= What is needed =
Only the lines from the one with "Eric wire wheeling around all the rivets." through the last line of the material below belong in the answer, copied exactly and without pictures.

= Data provided =
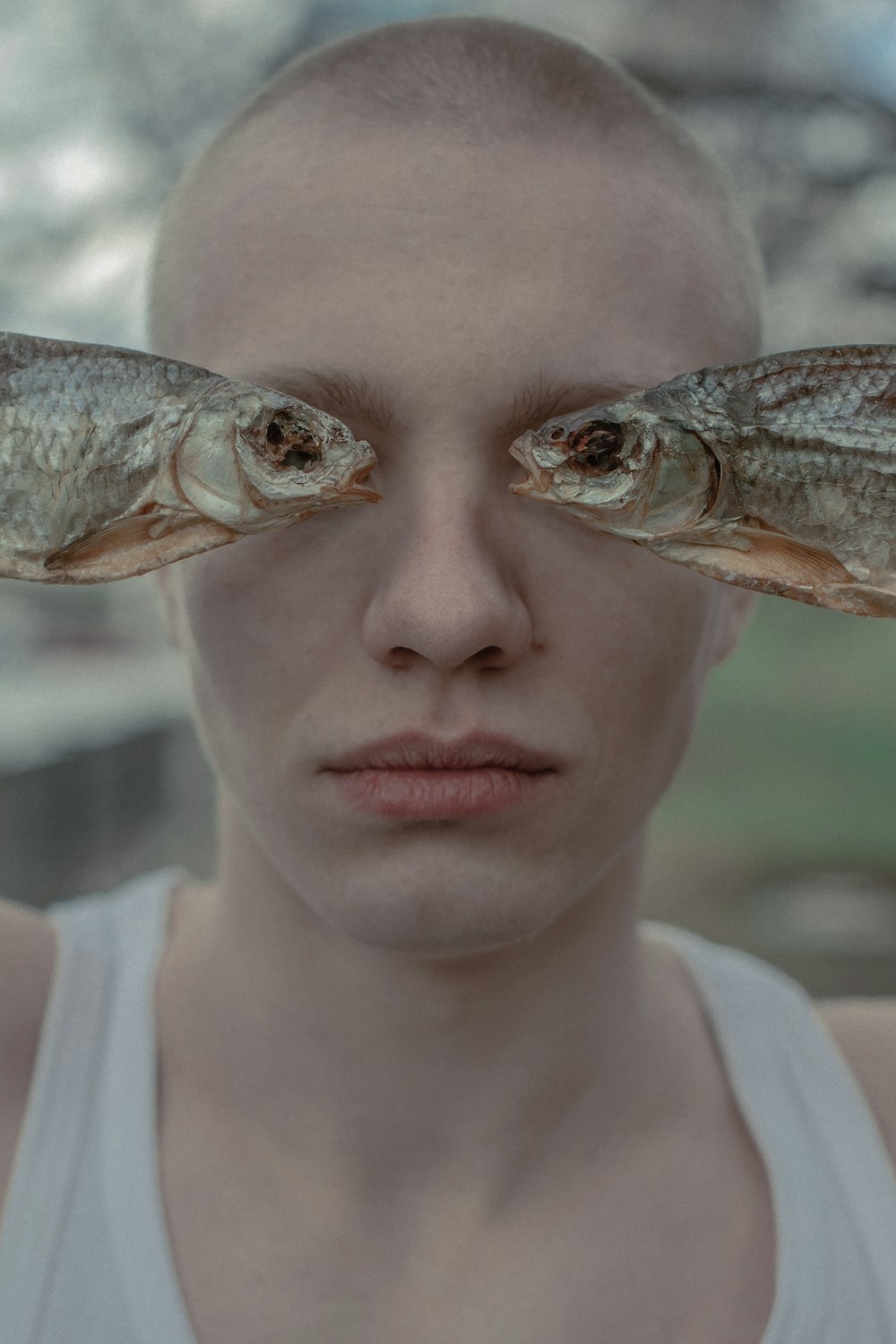 a woman with two fish on her face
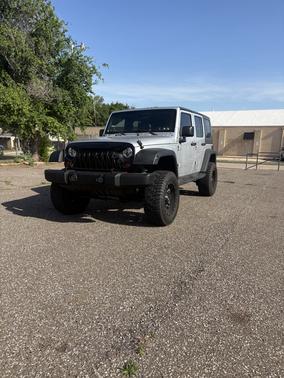 Silver 2010 Jeep Wrangler Unlimited Sport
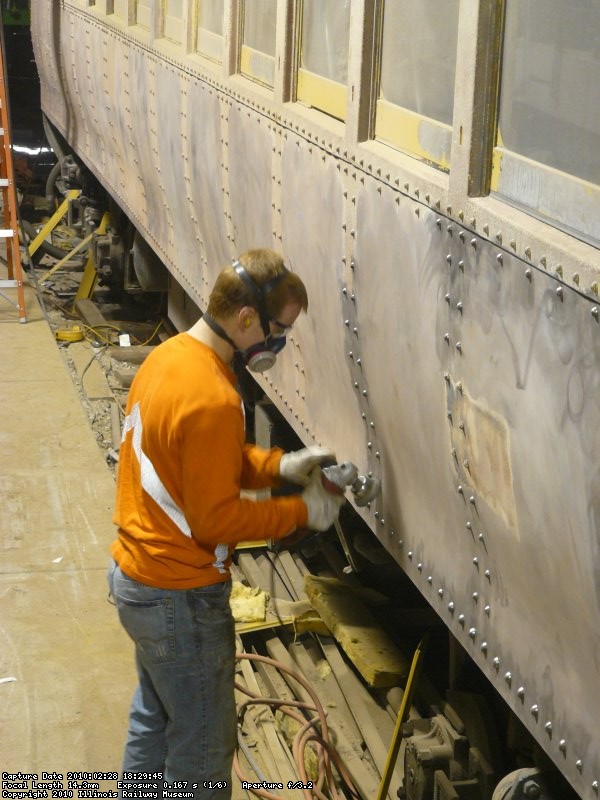 Eric wire wheeling around all the rivets.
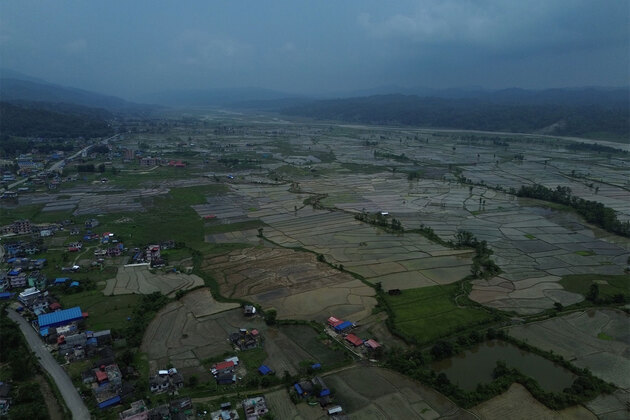 Mud, celebration, and dread: Nepali farmers mark National Paddy Day while bracing for El Nino-driven drought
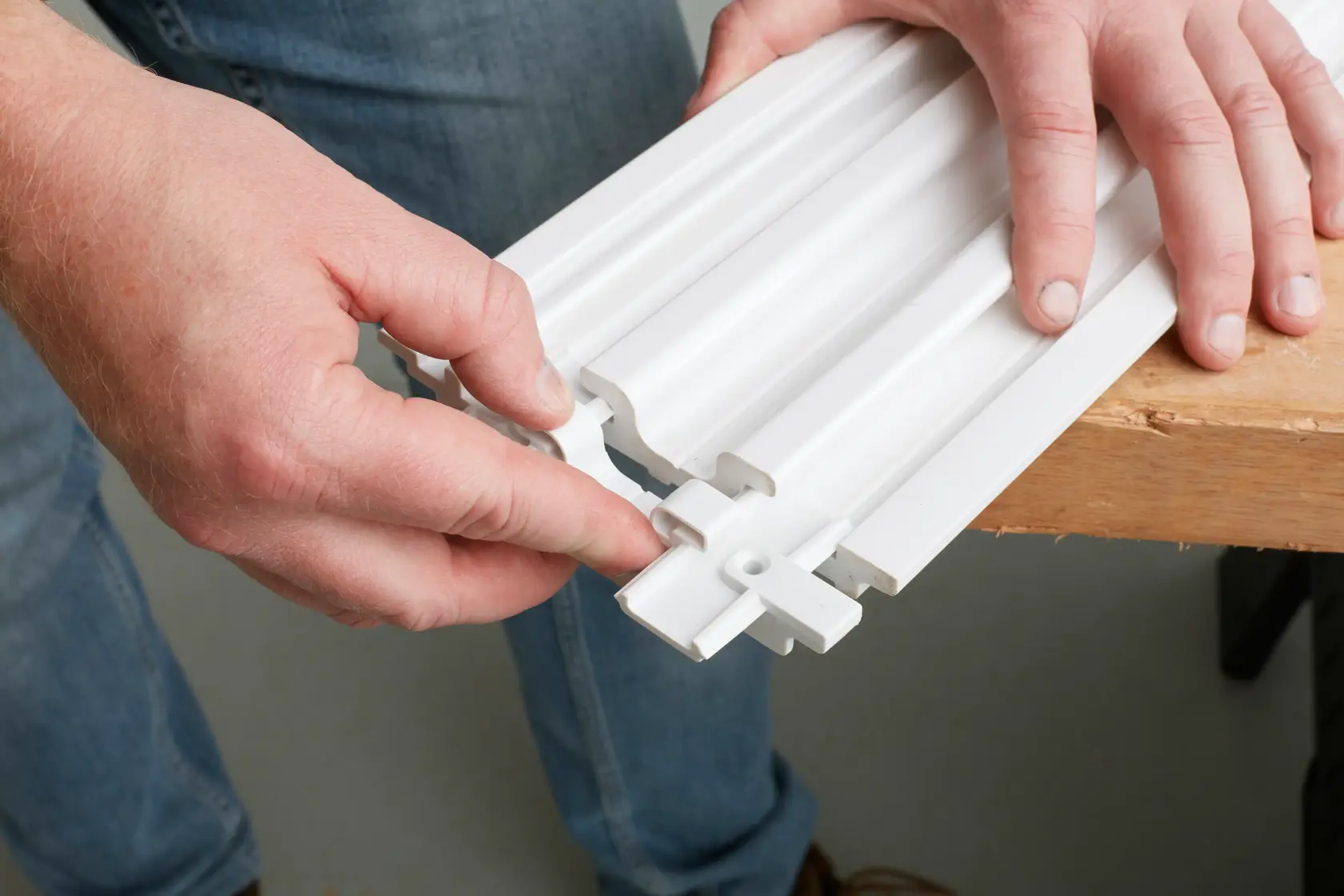STANLEY STST82610-1 white modular wall panel being assembled by hand, photography close-up.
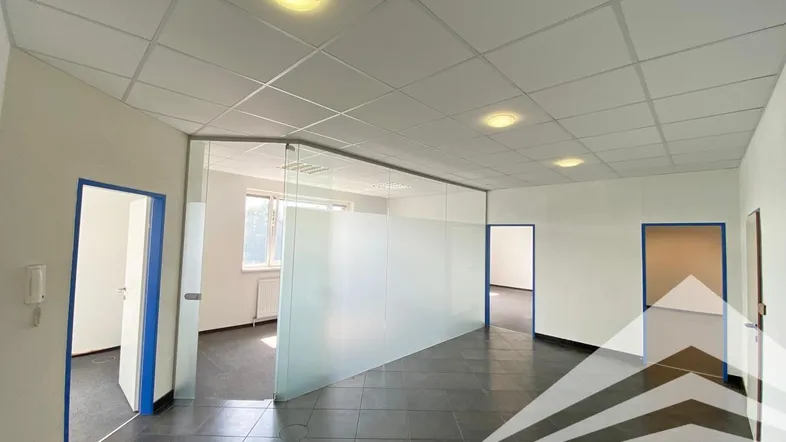 Geräumiges, leeres Büro mit dunklen Fliesen, weißen Wänden und einer modernen Glasabtrennung.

= Result =
 Eric wire wheeling around all the rivets.
 Mud, celebration, and dread: Nepali farmers mark National Paddy Day while bracing for El Nino-driven drought
STANLEY STST82610-1 white modular wall panel being assembled by hand, photography close-up.
 Geräumiges, leeres Büro mit dunklen Fliesen, weißen Wänden und einer modernen Glasabtrennung.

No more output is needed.